The answer should contain only the lines from the beginning of the entries through the line that holds "Buch Das Wort", given again exactly, with no pictures.

Recorded data:
--
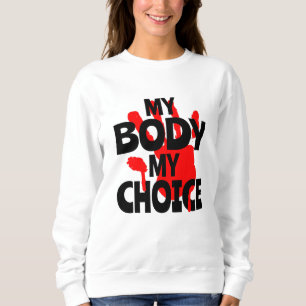 Mein Körper, meine Wahl Sweatshirt
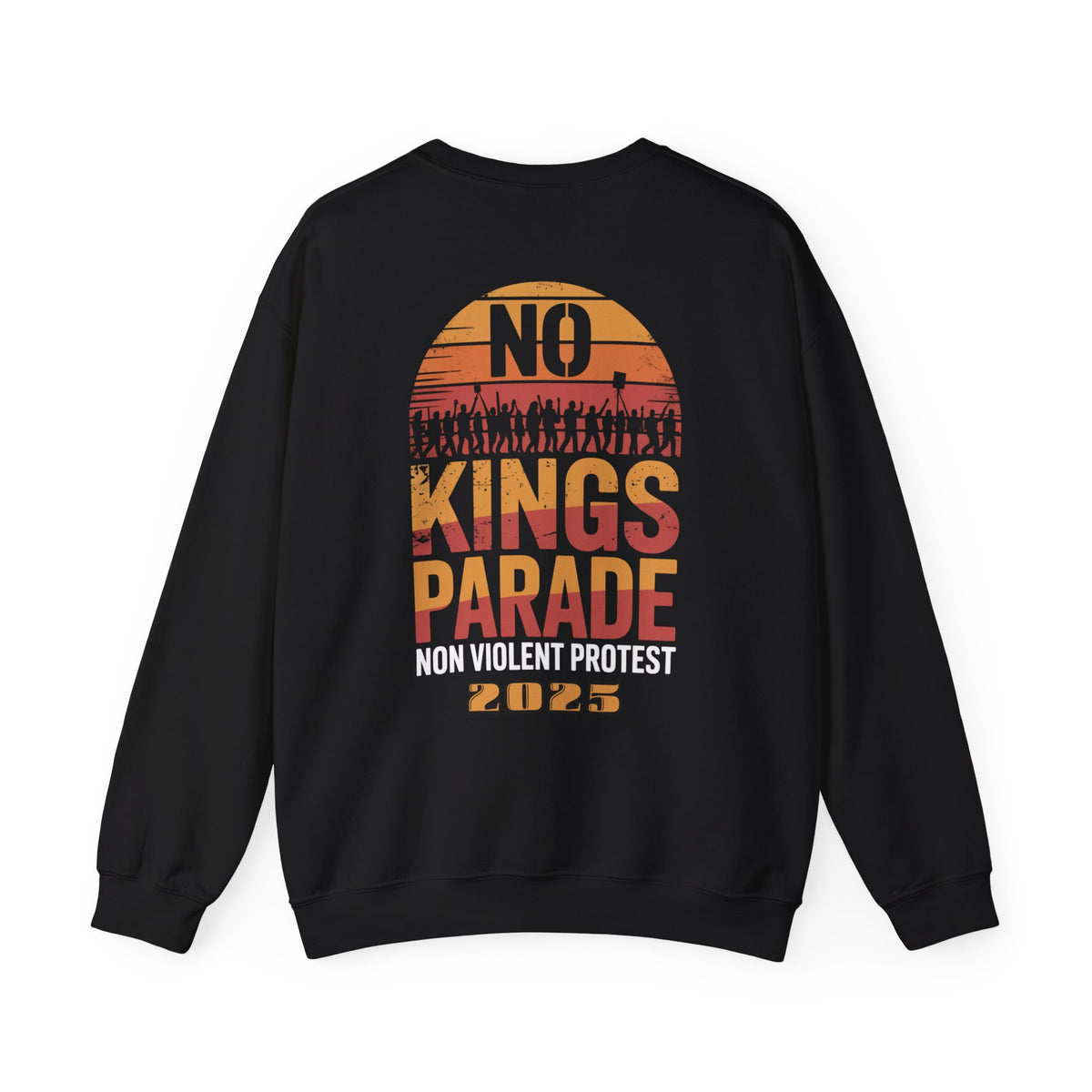 No Kings Parade” Unisex Sweatshirt – Bold Front & Back Print for Peaceful Protest, Civil Rights, and Nonviolent Resistance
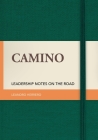 Camino: Leadership Notes on the Road Cover Image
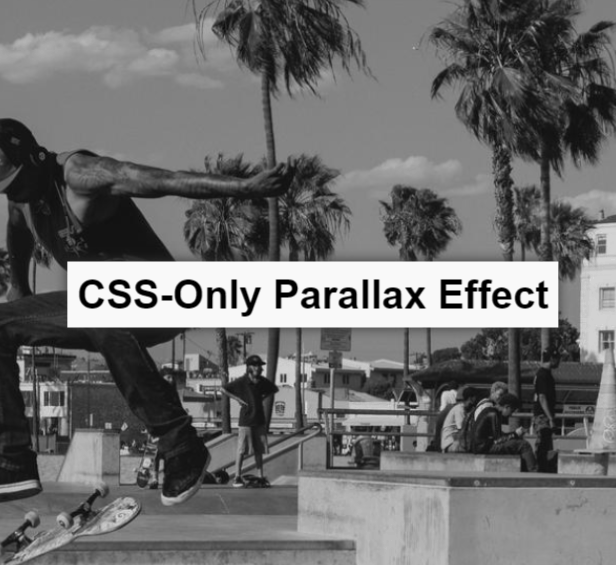 CSS Parallax Effects - CSS-Only Parallax Effect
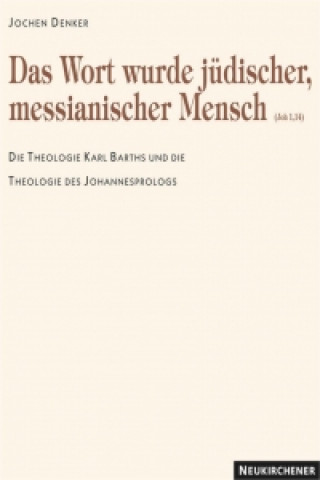 Buch Das Wort wurde messianischer Mensch Jochen Denker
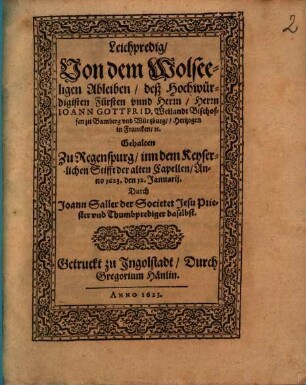 Leichpredigt von dem wohlseel. Ableiben des Hochw. Fürsten Joann Gottfried, weil. Bischoffen zu Bamberg und Würtzburg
--
Output for this exercise:
 Mein Körper, meine Wahl Sweatshirt
 No Kings Parade” Unisex Sweatshirt – Bold Front & Back Print for Peaceful Protest, Civil Rights, and Nonviolent Resistance
 Camino: Leadership Notes on the Road Cover Image
 CSS Parallax Effects - CSS-Only Parallax Effect
 Buch Das Wort wurde messianischer Mensch Jochen Denker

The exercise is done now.